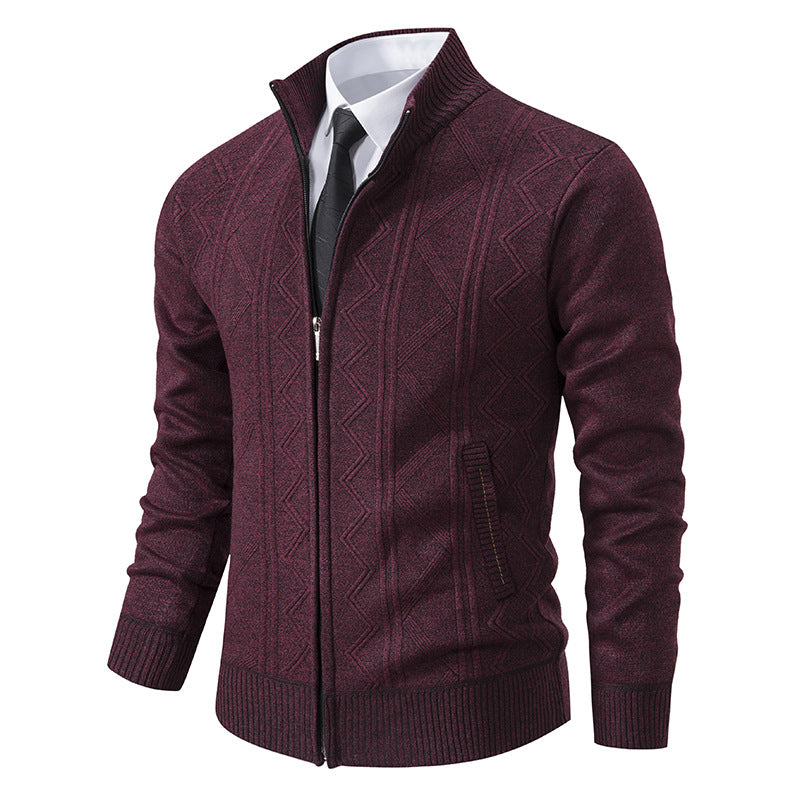 Herren nan Strickjacke mit Reißverschluss, Stehkragen und strukturierter Zopfmuster-Optik Drune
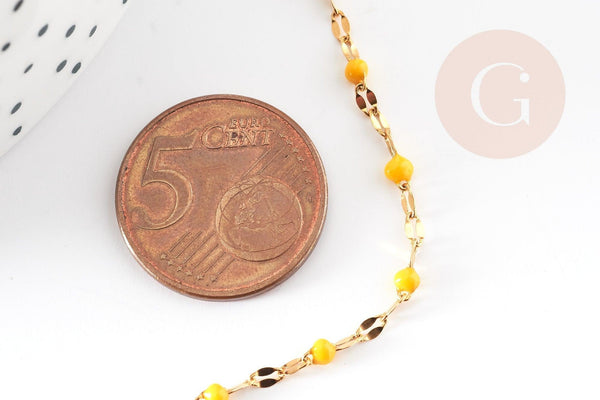 Chaine acier inoxydable 304 doré IP 14k résine jaune 2mm, x1 mètre (G3294)
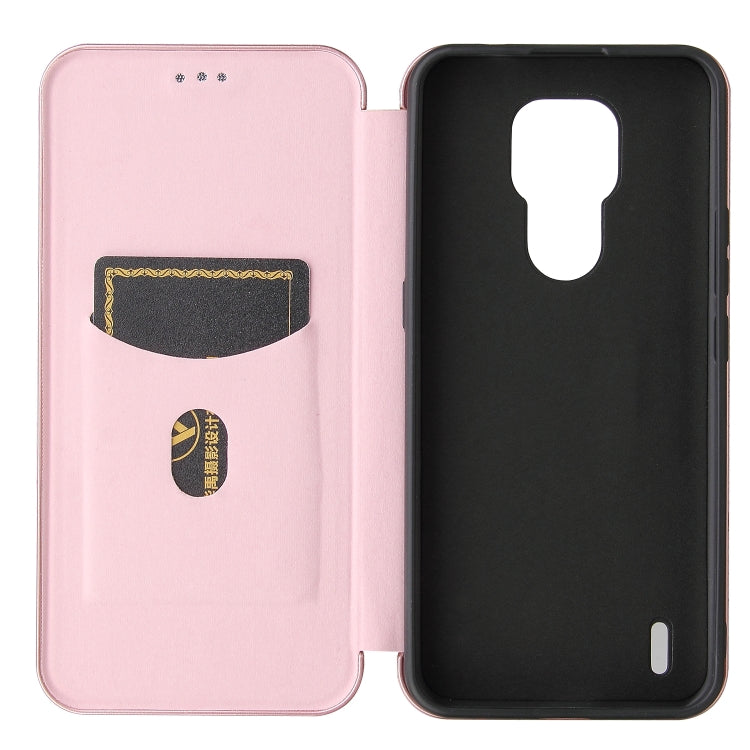 For Motorola Moto E7 Carbon Fiber Texture Horizontal Flip TPU + PC + PU Leather Case with Card Slot
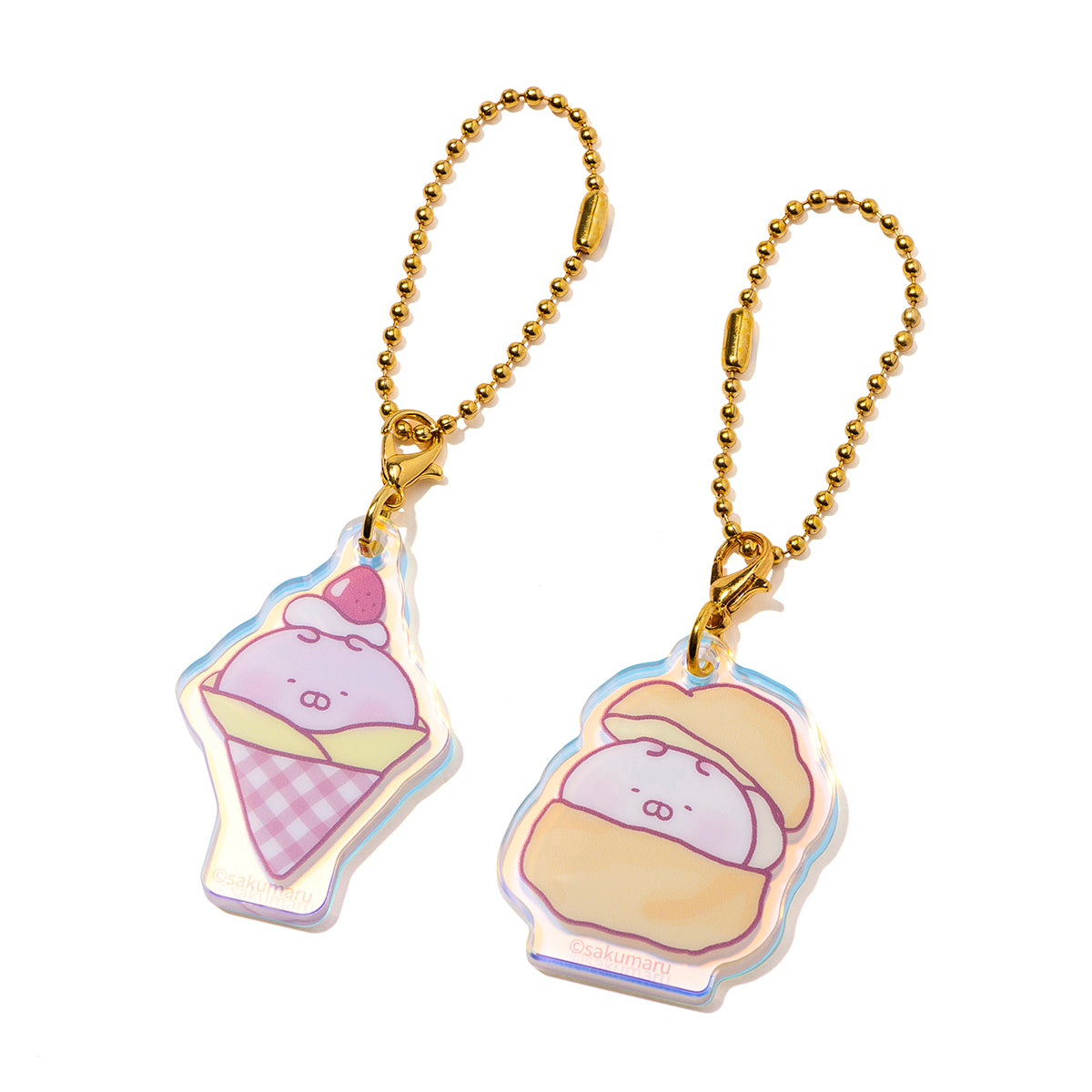 アクリルペアチャームキー シュークレープ(おかしのおうち) ちびちびうさまる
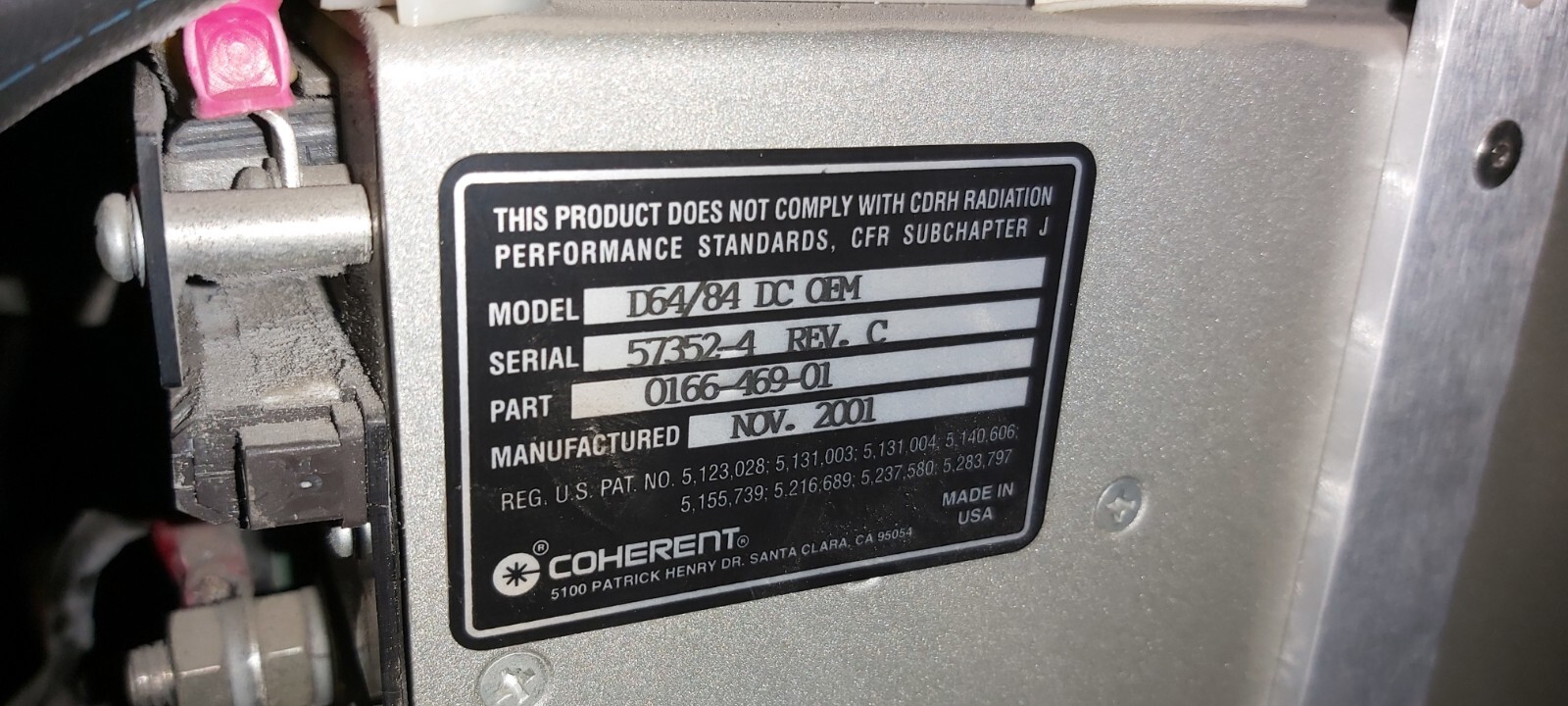 COHERENT K250 CRTD TUBE + D64/84 RF AMP USED LASER 250W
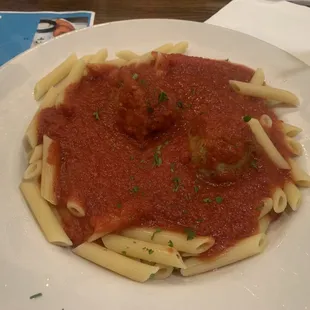 Penne with meatballs.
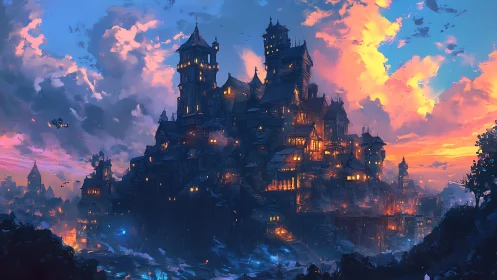 Luminescent vertical citadel under turbulent chromatic skies.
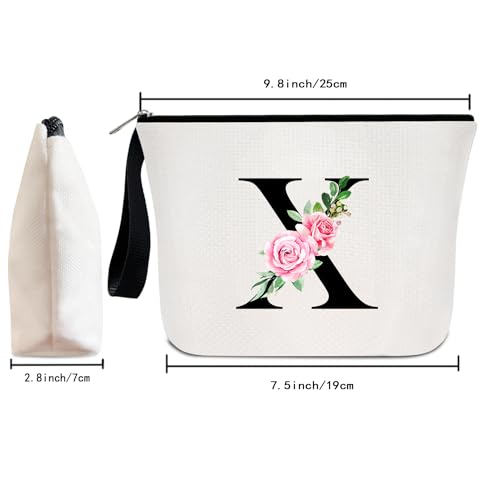 Initial Makeup Bag Waterproof Monogram Cosmetic Pouch for Women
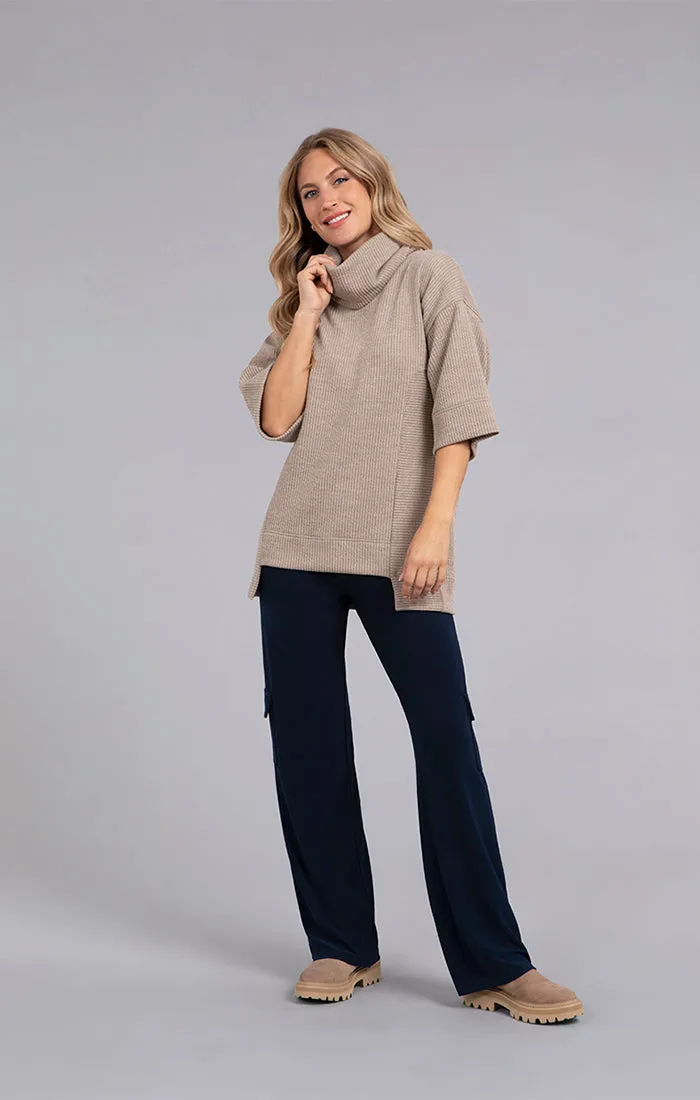 Step Hem Elbow Sleeve Rib Sweater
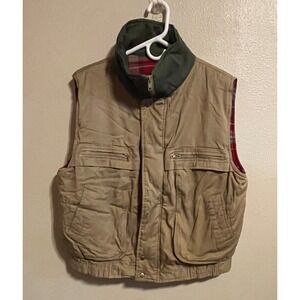 Willow Bay Mens Vest Large Tan Brown Plaid Lined Padded Quilted Sleeveless
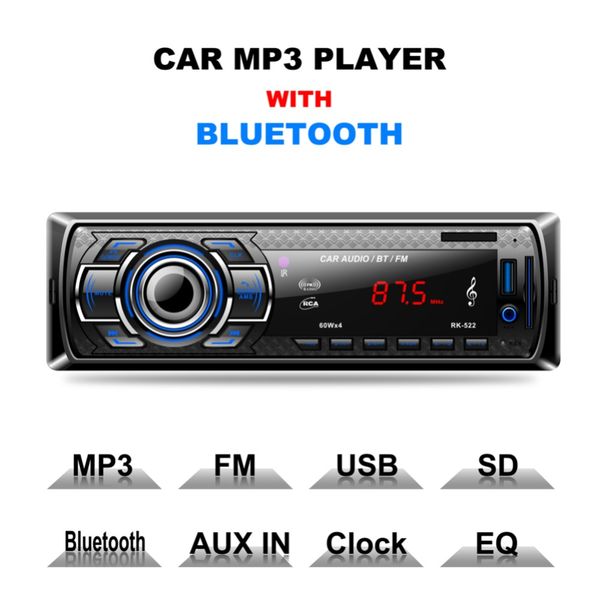 

12v car stereo bluetooth wireless digital media in dash receivers usb/sd/mmc mp3 player fm radio with remote control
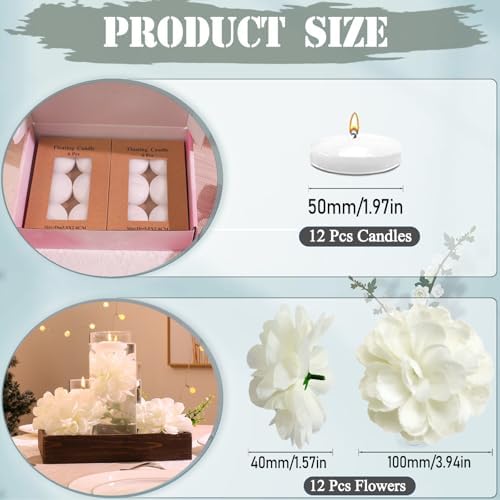 24 Pcs Floating Candles and Artificial Flowers Set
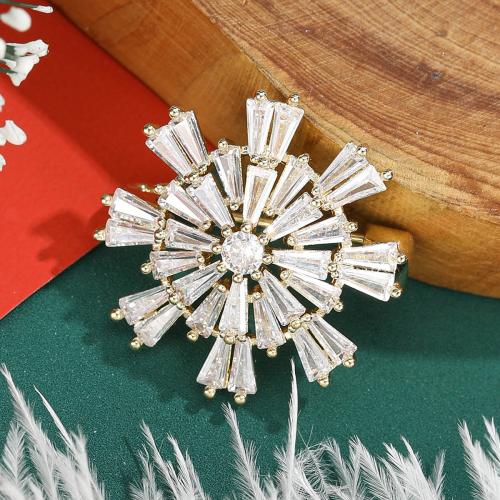 Brass Brooch, Snowflake, plated, micro pave cubic zirconia & for woman, more colors for choice, nickel, lead & cadmium free, Sold By PC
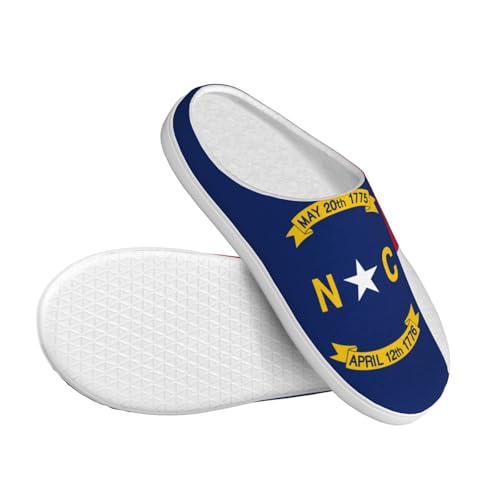 Cozy North Carolina state flag print Slippers Indoor and Outdoor Fuzzy House Shoes Anti-Skid Sole Gifts for Women Indoor Scuff3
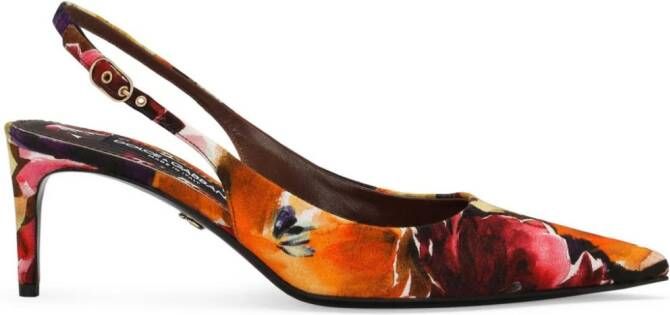 Dolce & Gabbana Leren slingback pumps Oranje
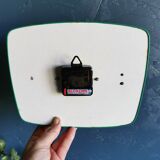 Vintage formica clock silent trapezoid wall clock "Green Japy"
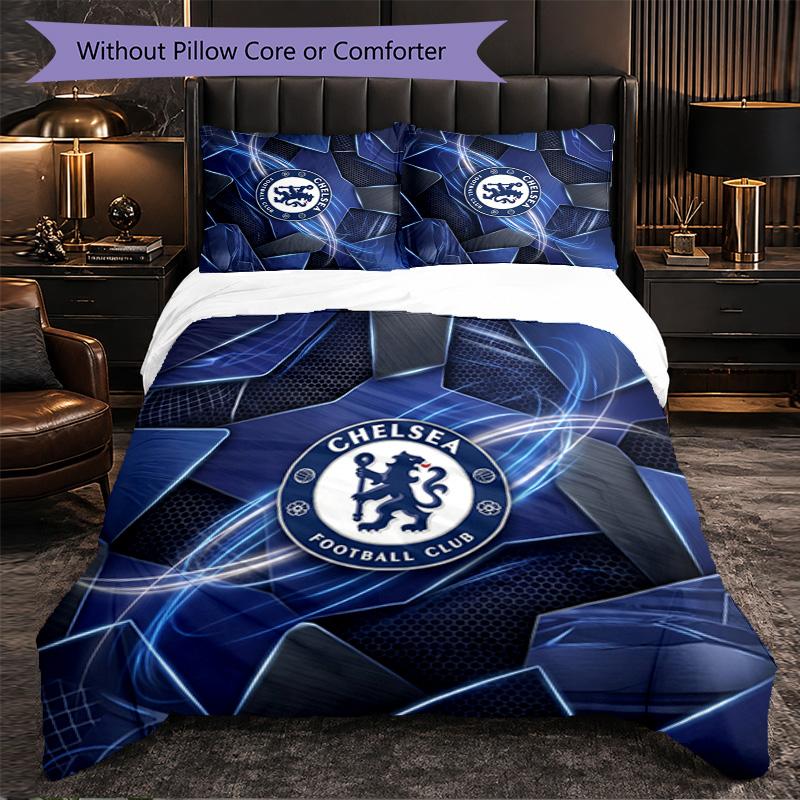 Набор постельного белья Chelsea FC, 3 предмета, мягкая микрофибра, пододеяльник с наволочками для спальни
= = =
What you have to do | Without the pictures, give again exactly the lines above starting at the line containing "COHERENT K250 CRTD" and ending at the line containing "Brass Brooch, Snowflake, plated, micro".

Written answer |
 COHERENT K250 CRTD TUBE + D64/84 RF AMP USED LASER 250W
 Penne with meatballs.
 Luminescent vertical citadel under turbulent chromatic skies.
 Initial Makeup Bag Waterproof Monogram Cosmetic Pouch for Women
 Step Hem Elbow Sleeve Rib Sweater
 Willow Bay Mens Vest Large Tan Brown Plaid Lined Padded Quilted Sleeveless

12v car stereo bluetooth wireless digital media in dash receivers usb/sd/mmc mp3 player fm radio with remote control
 24 Pcs Floating Candles and Artificial Flowers Set
 Brass Brooch, Snowflake, plated, micro pave cubic zirconia & for woman, more colors for choice, nickel, lead & cadmium free, Sold By PC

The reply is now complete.